| WORK TO COMPLETE |
Could you retype the whole listing word for word and drop the images?

| GIVEN INFORMATION |
BEGIN

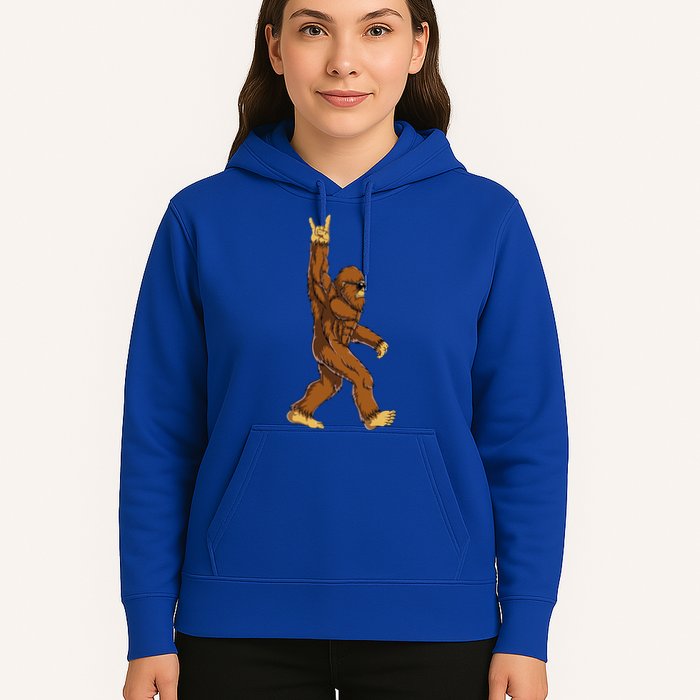 Bigfoot Rock On Sasquatch Rock And Roll Funny Hoodie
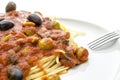 Detail of spaghetti with tomato sauce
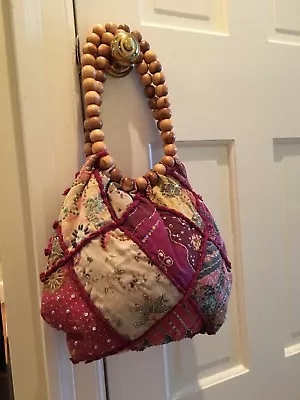 $10.99 • Buy Treesje Patchwork Beaded Sequin Handbag With Solid Wood Bead Handle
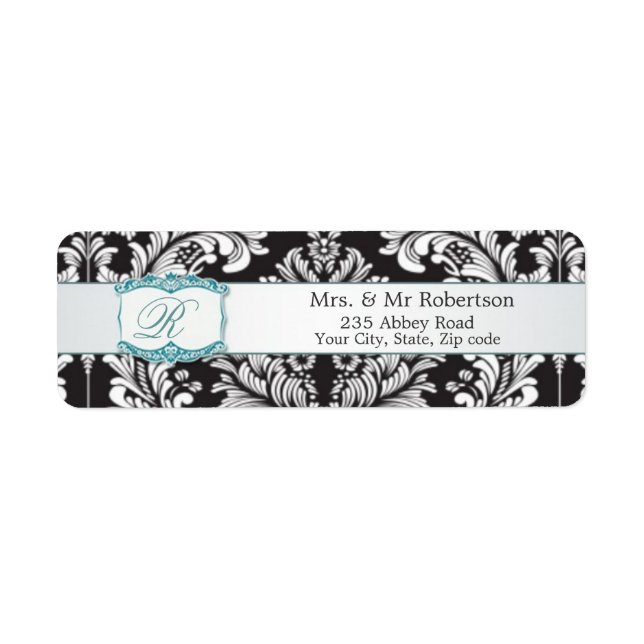 Damask black white Monogram R Wedding Label (Front)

END

| REPLY TO THE EXERCISE |
 Bigfoot Rock On Sasquatch Rock And Roll Funny Hoodie
 Detail of spaghetti with tomato sauce
 $10.99 • Buy Treesje Patchwork Beaded Sequin Handbag With Solid Wood Bead Handle
 Damask black white Monogram R Wedding Label (Front)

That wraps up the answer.